Math 241: Old Tests' Hints
These are email responses to some questions students have emailed
to me. Students in my Math 241 classes may obtain further electronic
help by contacting me by email at filaseta@math.sc.edu .
Problem 3 (1992): The partial derivative of v with respect to t is 0 (since v does not depend on t). Also, since y only depends on v which does not depend on t, the partial derivative of y with respect to t is 0. Also, since the partial derivative of v with respect to t is 0, we get the partial derivative of x with respect to t is simply 3 times the partial derivative of u with respect to t. I'll let you handle it from there noting that even more is 0, the partial derivative of r with respect to t. (The point is that there's enough zeroes that you don't really have much work to do in this problem.)
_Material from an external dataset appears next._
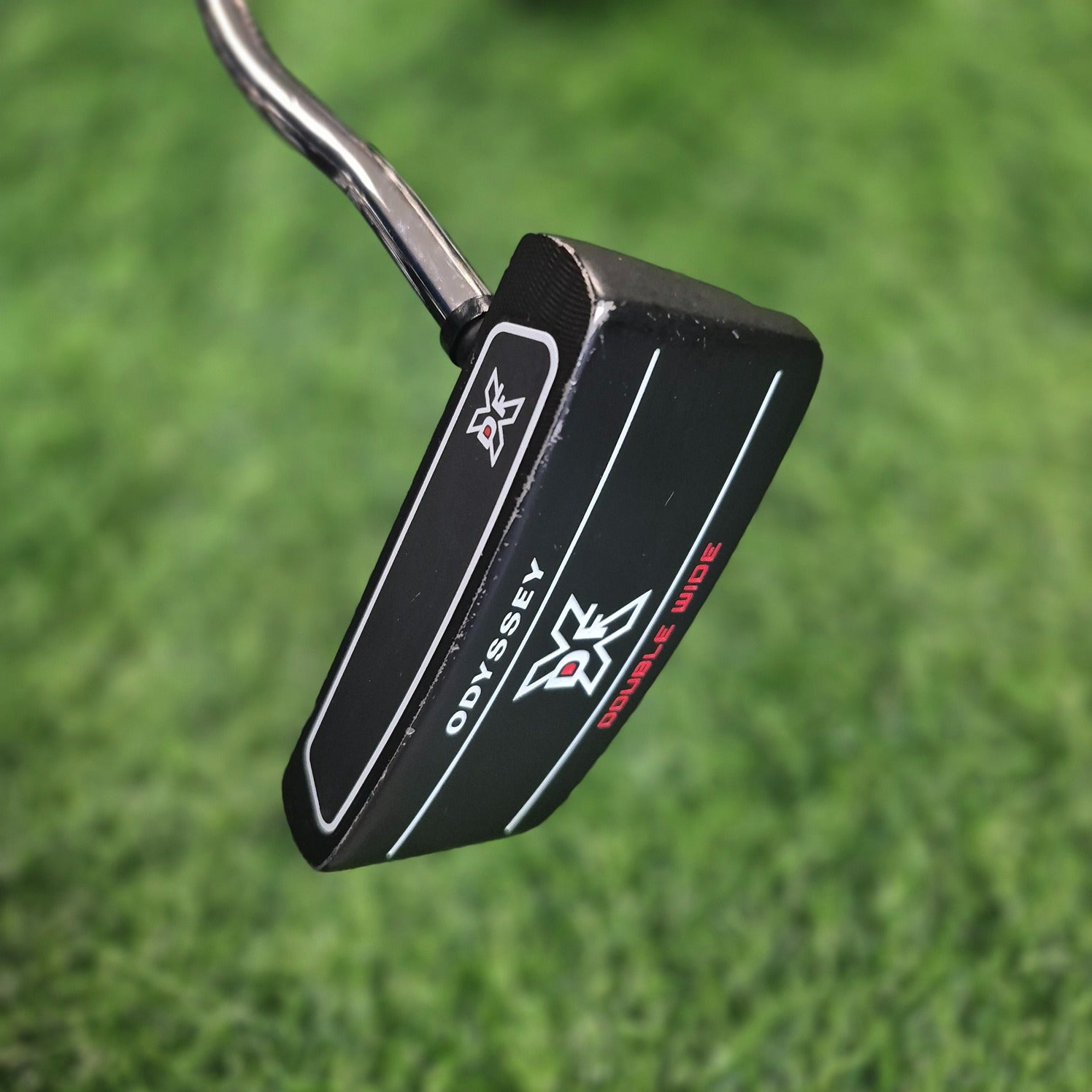 Odyssey Putter / DFX DOUBLE WIDE / 34"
Problem 4 (1992): Don't mess up the expression I have for z by expanding (x+y)^3. The partial derivative with respect to y of the function you want for the tangent plane is 3 x (x+y)^2 which equals 0 precisely when either x = 0 or x = -y. Use this information to decide also when the partial derivative with respect to x is 0.
Part II, Problem 3 (1998): The tip of the half-cone in the picture should be at (0,0,4) and the cone comes downward from there. You are interested in the volume of the part that is inside the cylinder x^2 + y^2 = 1. Even a bad picture would work here (say if you drew the cone going upward from (0,0,4)) for setting up the integral. Use cyclindrical coordinates (note the integrand and the cylinder in the problem). Because you are working in the cylinder x^2 + y^2 = 1, theta goes from 0 to 2*pi and r goes from 0 to 1. Then z goes from 0 to the cone z = 4 - r. The integrand is r^3 * r = r^4.